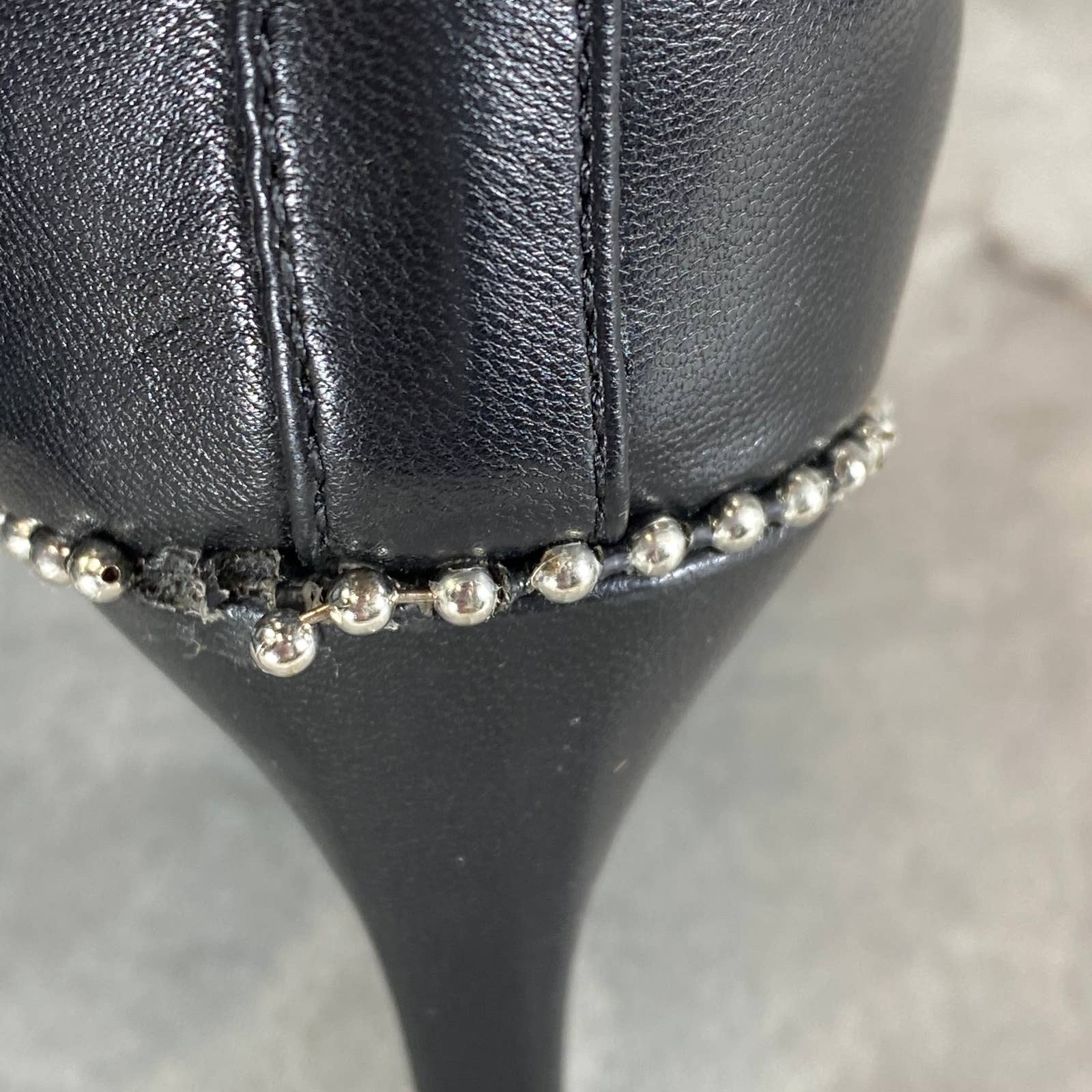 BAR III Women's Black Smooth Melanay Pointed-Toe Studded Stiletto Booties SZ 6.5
==
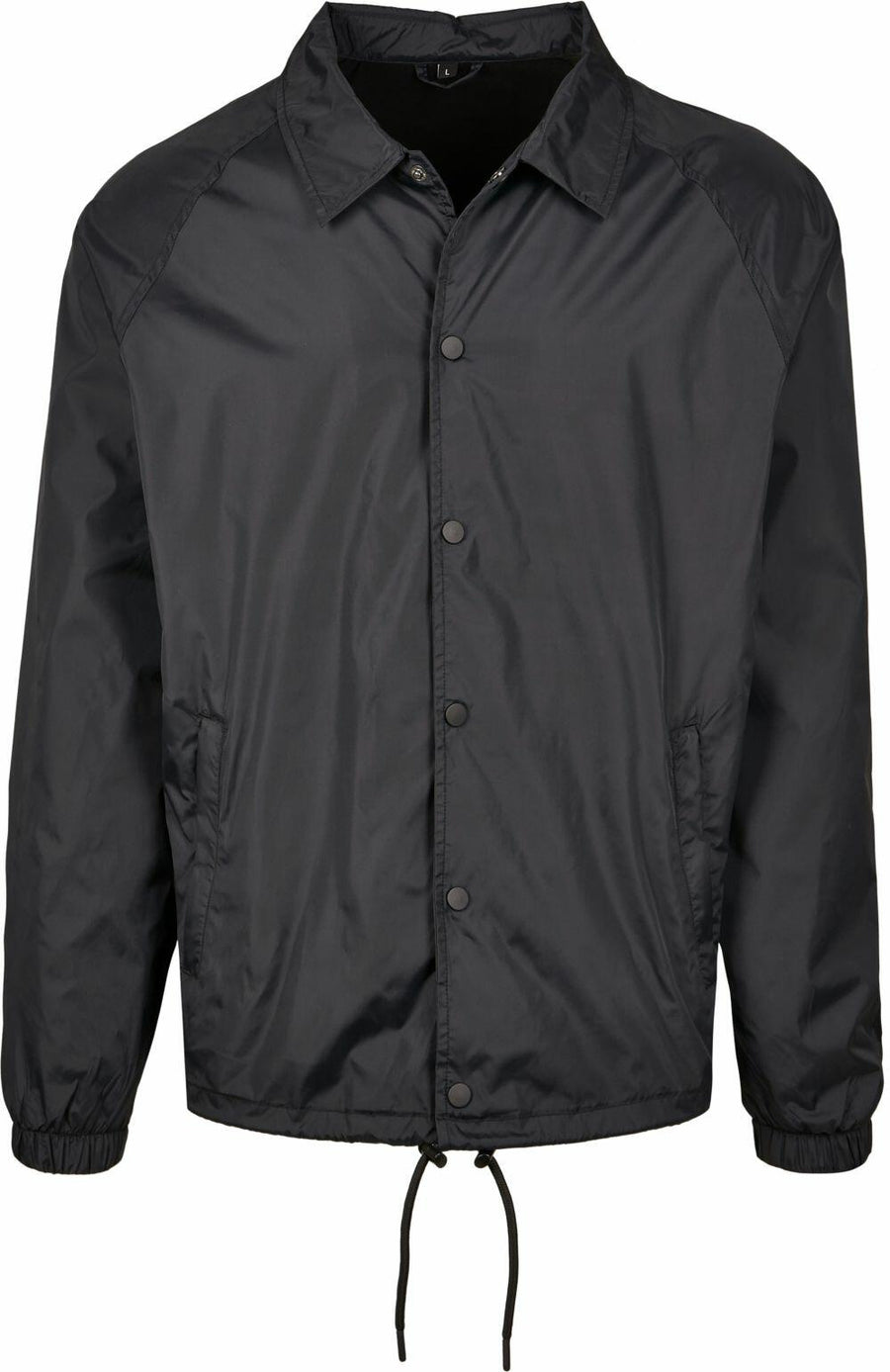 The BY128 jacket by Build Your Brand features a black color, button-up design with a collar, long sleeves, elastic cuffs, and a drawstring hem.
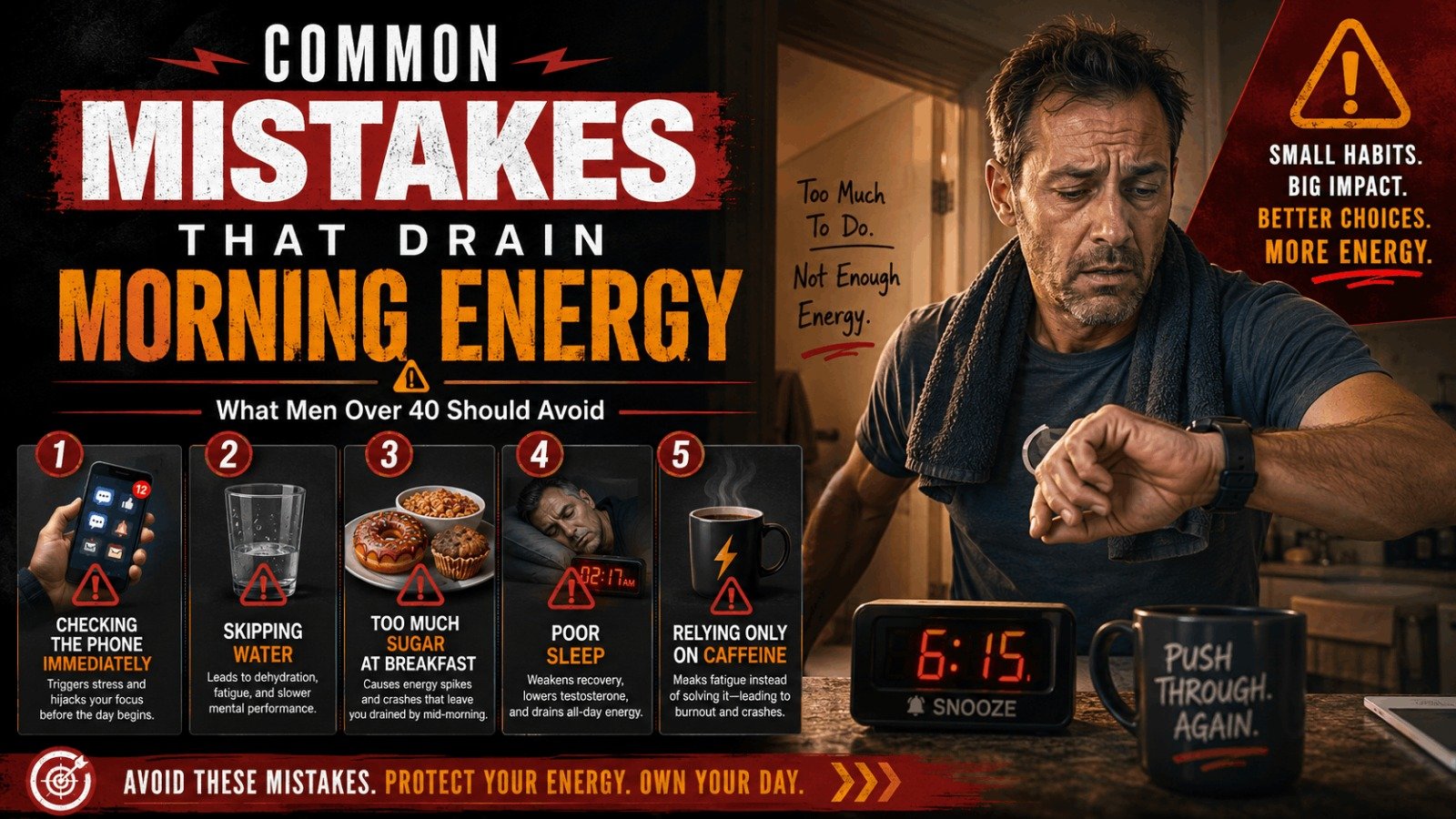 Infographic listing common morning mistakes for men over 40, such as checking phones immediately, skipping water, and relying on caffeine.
==
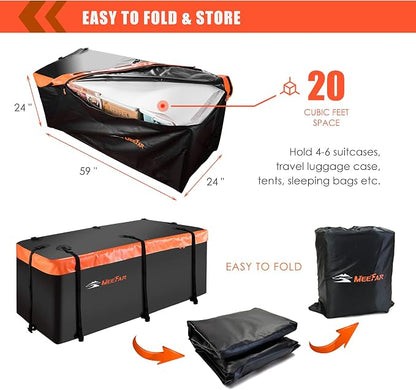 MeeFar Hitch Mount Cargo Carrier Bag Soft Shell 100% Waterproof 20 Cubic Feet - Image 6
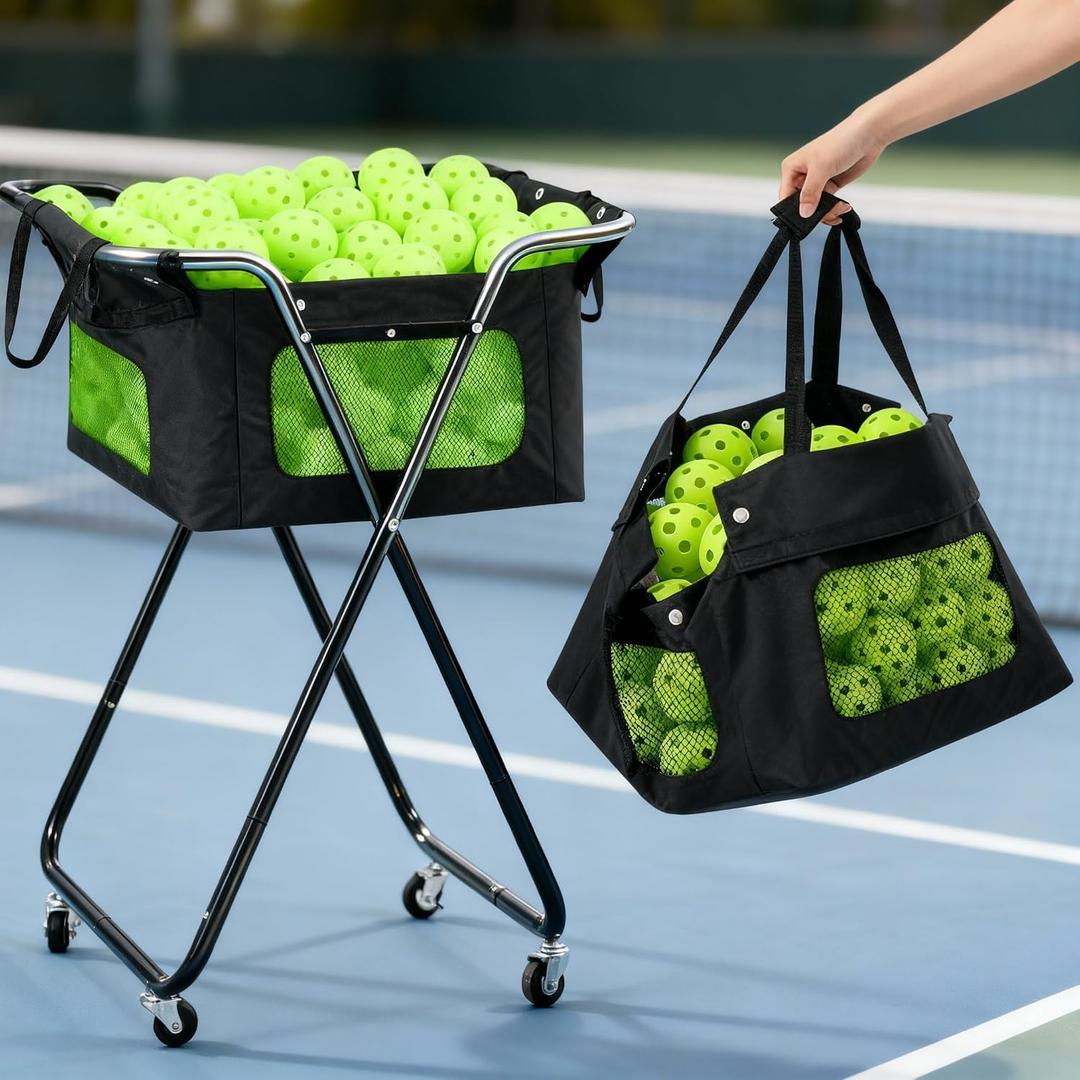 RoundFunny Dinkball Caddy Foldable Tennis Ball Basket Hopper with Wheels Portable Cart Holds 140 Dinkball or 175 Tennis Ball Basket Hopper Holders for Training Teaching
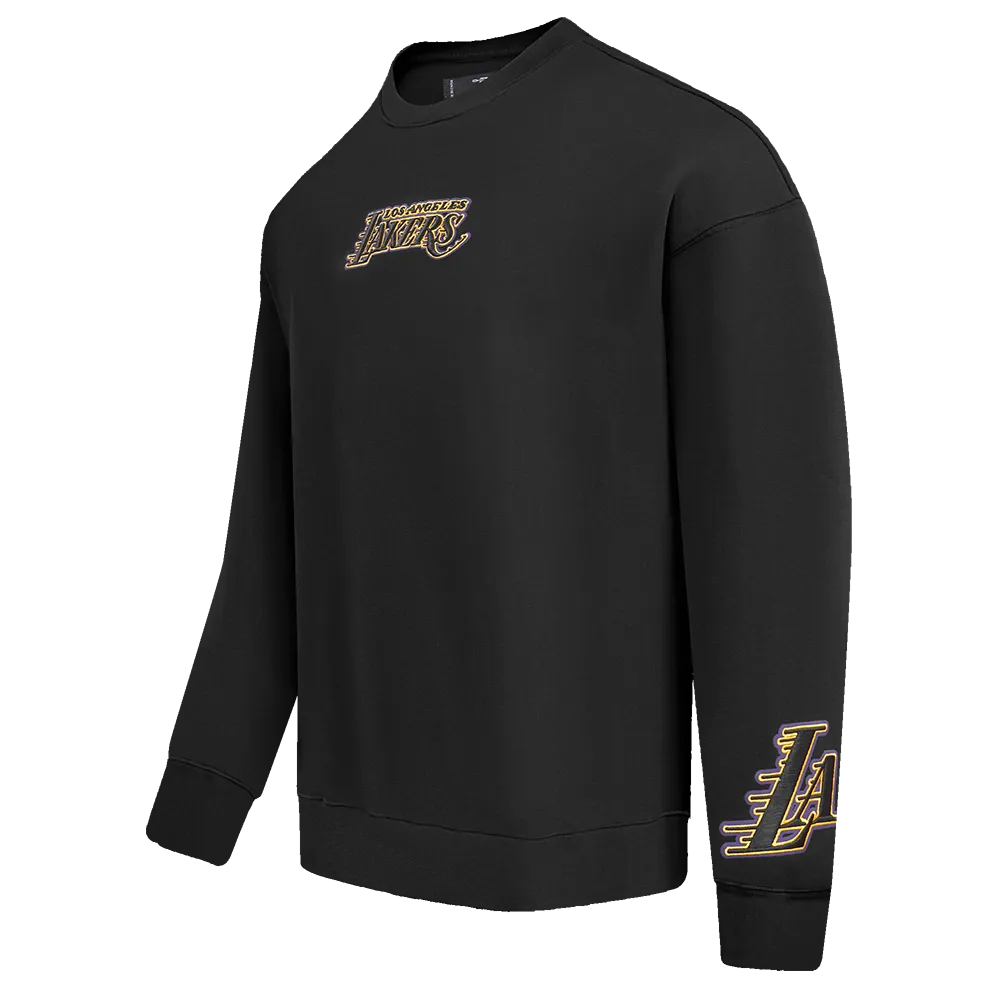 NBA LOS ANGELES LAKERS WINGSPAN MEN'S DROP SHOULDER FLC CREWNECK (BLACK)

Exercise instructions
Only one stretch of the data is wanted: write out exactly the lines from the one holding "RoundFunny Dinkball Caddy" through the one holding "NBA LOS ANGELES", both included, without the pictures.

Solution
 RoundFunny Dinkball Caddy Foldable Tennis Ball Basket Hopper with Wheels Portable Cart Holds 140 Dinkball or 175 Tennis Ball Basket Hopper Holders for Training Teaching
 NBA LOS ANGELES LAKERS WINGSPAN MEN'S DROP SHOULDER FLC CREWNECK (BLACK)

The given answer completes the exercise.